しかし、マダム・フローレンスを描いた映画がことごとく好評なことには驚かされる。それだけ、彼女の音楽を愛する姿勢に多くの人が魅了され、それは今でも変わらないということなのだろう。
実話に忠実な仕上がり
これがヒュー・グラントの存在感か!?
フランスの『偉大なるマルグリット』より、笑いも感動もひと回りスケールアップしている印象を受ける上に、徹底したアプローチによって実話に忠実な仕上がりを見せている。
脚本家ニコラス・マーティンは、マダム・フローレンスと夫シンクレアとの関係まで掘り下げた脚本を用意し、衣装デザイナーのコンソラータ・ボイルはマダム・フローレンスのもうひとつの魅力である華やかなステージ衣装を再現した。

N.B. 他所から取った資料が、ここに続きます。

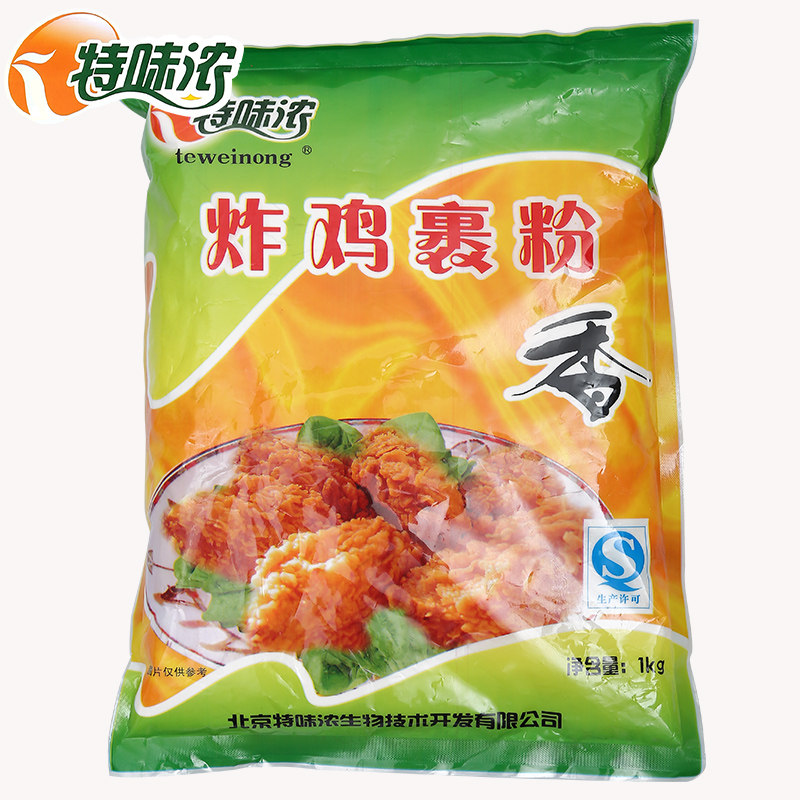 Special Taste Thick Bread Chaff Fried Chicken Wrap Powder 1000g Home Fried Chicken Pink Chicken Pork Chicks Crispy Crispy Chicken Fried Commercial
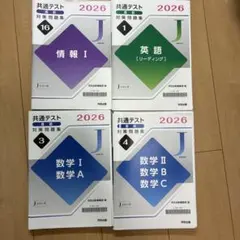 【4点セット】共通テスト 対策問題集 2026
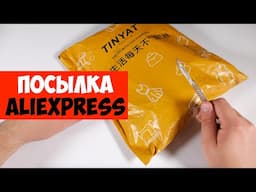 Моя НОВАЯ СУМКА с Aliexpress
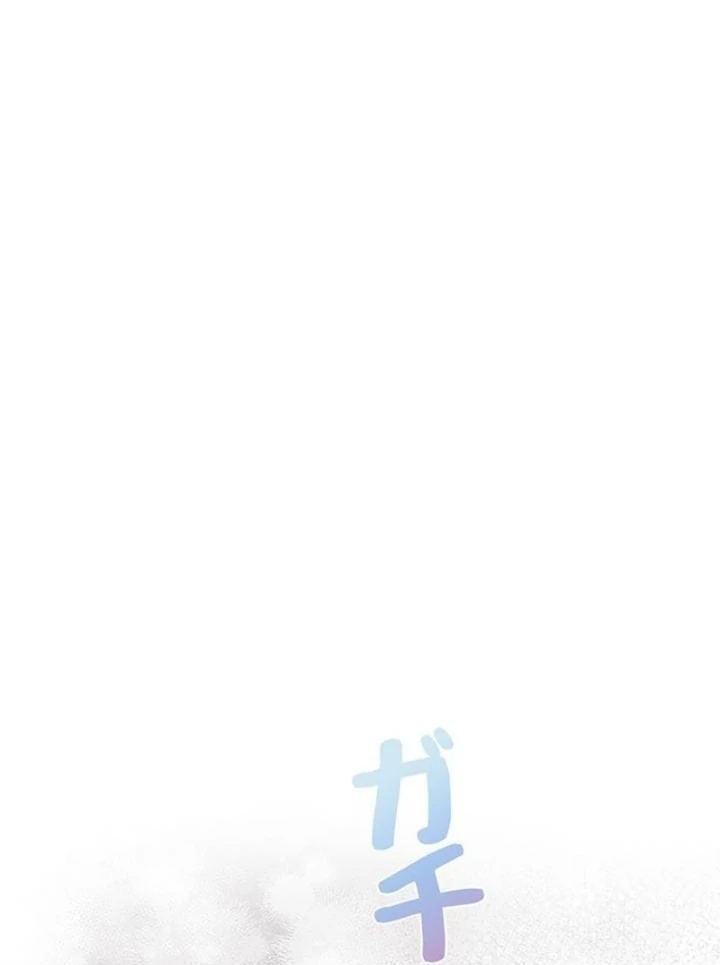 Love Is Unplanned Chapter 9 - Page 80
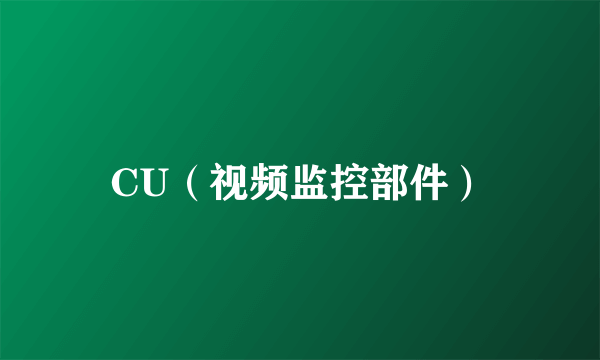CU（视频监控部件）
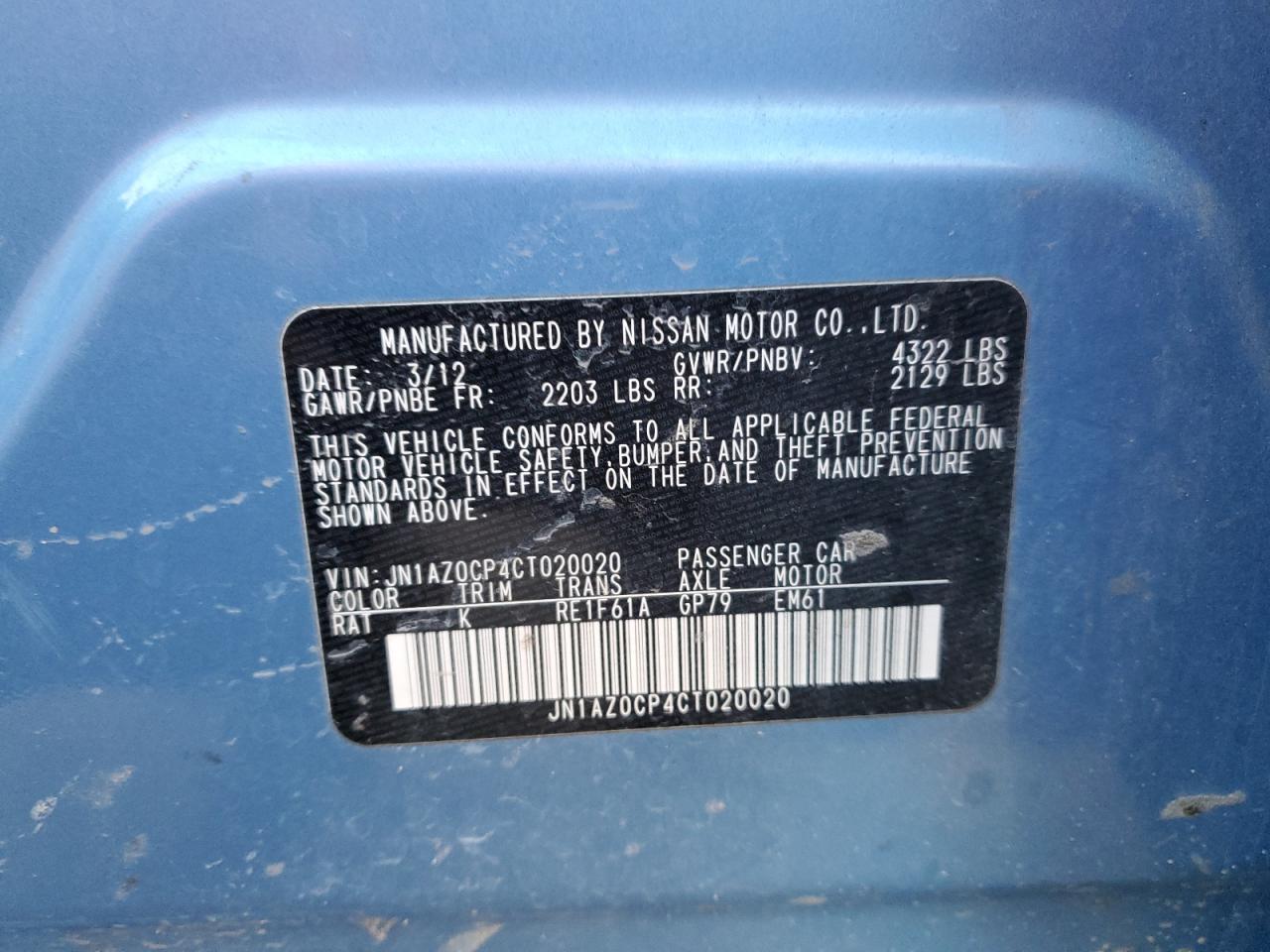 2012 Nissan Leaf - Image 12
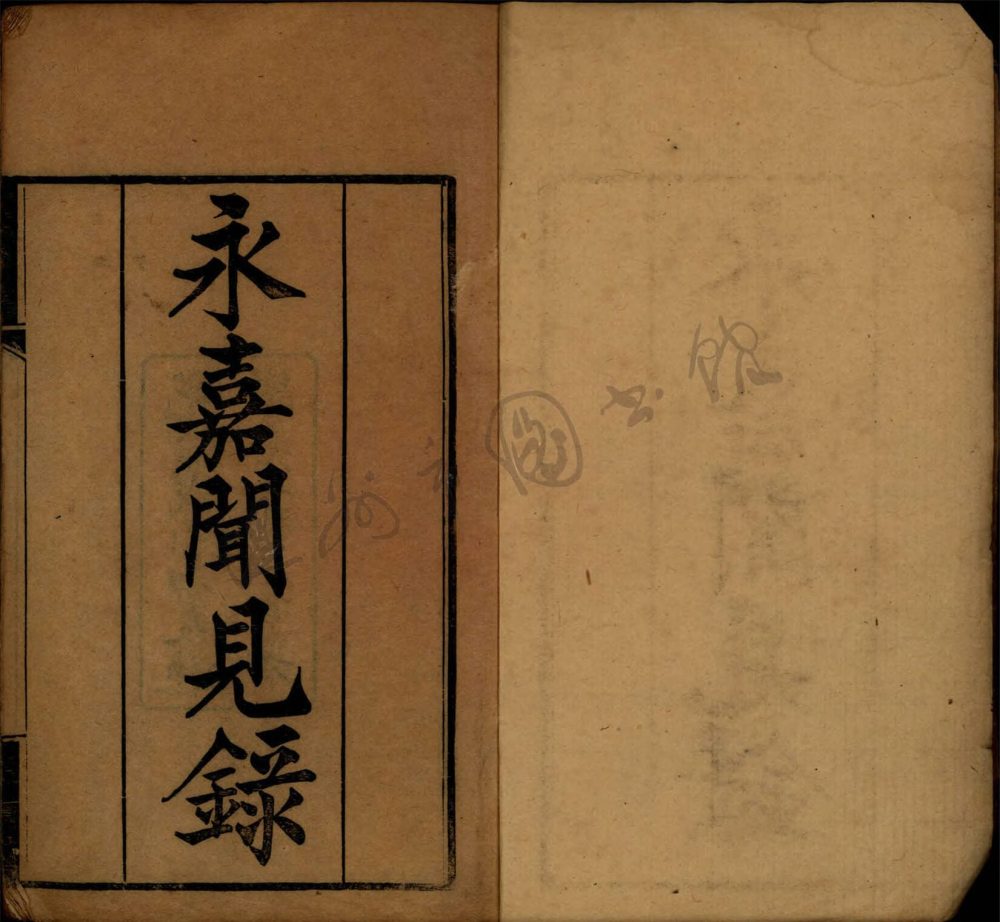 _永嘉聞見錄二卷補遺一卷（第一冊卷上）__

そして、本来歌にも定評があるオスカー女優メリル・ストリープが、マダム・フローレンスのように音程やリズムをハズす“音痴になるためのトレーニング”を行った上で、音楽に対する強い想いと愛情を歌に乗せている。
夫シンクレアはヒュー・グラントが最も得意とする、人を感動させると同時に、おもしろさも兼ね備えている男だ。
笑いと感動の先にある品格が、より多くの人に親しみやすくなったフローレンス・フォスター・ジェンキンスの物語を生み出している。これはヒュー・グラント初のオスカーが狙えそうな出来栄えだ。
あとがき
おそらく、多くの人が想像するマダム・フローレンスの物語は本作を指すのではないかと想像するが、フランスの『偉大なるマルグリット』の方が僕好みの作品だった。
コメディとしての要素は薄く、マダム・フローレンスの純粋さの中にある悲哀を感じさせるフランス映画らしいトーンを持っている。また、マダム・フローレンスを別の人物として描いている点で脚色が強いのもこちらの作品だと言える。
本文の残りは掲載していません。